15Enfin, pour diversifier nos manières de faire, il nous faut repenser les médiations en termes de lieux, mais aussi de dispositifs. La plate-forme Show-Me [15], créée par l’auteur-compositeur Blick Bassy et la journaliste Elisabeth Stoudmann, propose par exemple un outil de développement aux artistes à qui l’on dit de s’autonomiser sans pour autant leur offrir les moyens d’y parvenir. Les valeurs de l’économie sociale et solidaire (co-construction, éthique, participation) qui commencent à irriguer la culture ne permettent pas toujours d’éviter un glissement vers le secteur marchand. Friches et tiers-lieux permettent de conjuguer nécessité de trouver un modèle économique éthique et souci d’une construction collective des projets et des politiques. D’une ressource pour le vivre-ensemble, le territoire devient un agencement qui articule mondes musicaux et souci de l’environnement.

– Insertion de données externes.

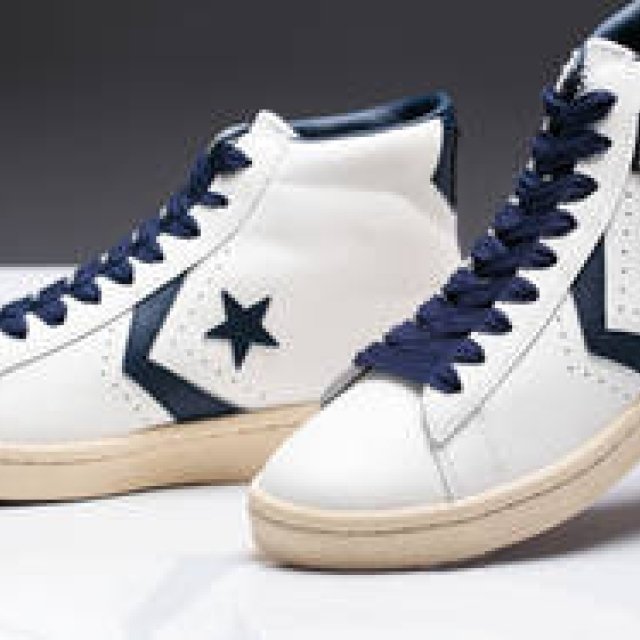 LANVIN en Bleu | Limited Edition Items Debut Where Two "Traditions" Converge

16La crise que nous vivons est l’occasion de passer d’une pluralité des esthétiques, d’une politique de justice musicale et de démocratie culturelle à une véritable cohabitation des mondes humain et non humain. Il s’agit moins de pérenniser des politiques qui visent à favoriser l’accès aux équipements culturels et une meilleure répartition des ressources ou à corriger les effets du marché des industries culturelles que de travailler à partir des capabilités des individus, promouvoir la liberté d’utiliser les biens et les équipements culturels, et favoriser les initiatives qui tissent des liens avec le vivant. Dans ce mouvement, notre tâche consiste à sans cesse re-décrire le monde pour lutter contre les récits unifiants et paralysants. La musique et la manière dont nous l’administrons ne se situent pas en dehors de ces enjeux. Les acquis des musiques du monde peuvent nous aider à aller plus loin dans la dynamique de pluralisation qu’elles ont opérée. Ce n’est pas seulement avec une diversité d’esthétiques et de contenus mais aussi une pluralité de catégories, de récits, de manières de faire et, enfin, de vivants, humains et non humains, que nous voulons composer nos mondes musicaux.

Mémo

L’ORIGINE : l’expression « musique du monde » (Weltmusik) apparaît au xixe siècle sous la plume du philosophe allemand Johann Gottfried Herder, s’interrogeant sur ce qui fait l’âme d’un peuple.
LES PARAGDIMES : prises en compte dans l’histoire de la démocratisation culturelle dans les années 1990, les musiques du monde se sont constituées en France à la croisée de diverses politiques publiques, qu’elles soient culturelles, économiques, sociales ou diplomatiques, et, à l’échelle internationale, à l’aune des avancées de l’Unesco sur les questions du patrimoine immatériel avec la Convention sur la diversité culturelle (2003), jusqu’aux droits culturels, référentiel actuel.

Bibliographie

À lire

  • Angélique Escafré-Dublet, Stéphane Malfettes et Martin Evans (dir.), Paris-Londres. Music Migrations (1962-1989), Paris, RMN-Grand-Palais/Musée national de l’Histoire de l’immigration, 2019.
  • Steven Feld, « Une si douce berceuse pour la “World Music” », L’Homme, n° 171-172, 2004, p. 389-408.
  • Vincent Martigny, Dire la France. Culture(s) et identités nationales (1981-1995), Paris, Presses de Sciences Po, 2016.
  • Amartya Sen, L’Idée de justice [2009], Paris, Flammarion, 2010.
  • Martin Stokes, « Musique, identité et “ville-monde” », L’Homme, n° 171-172, 2004, p. 371-388.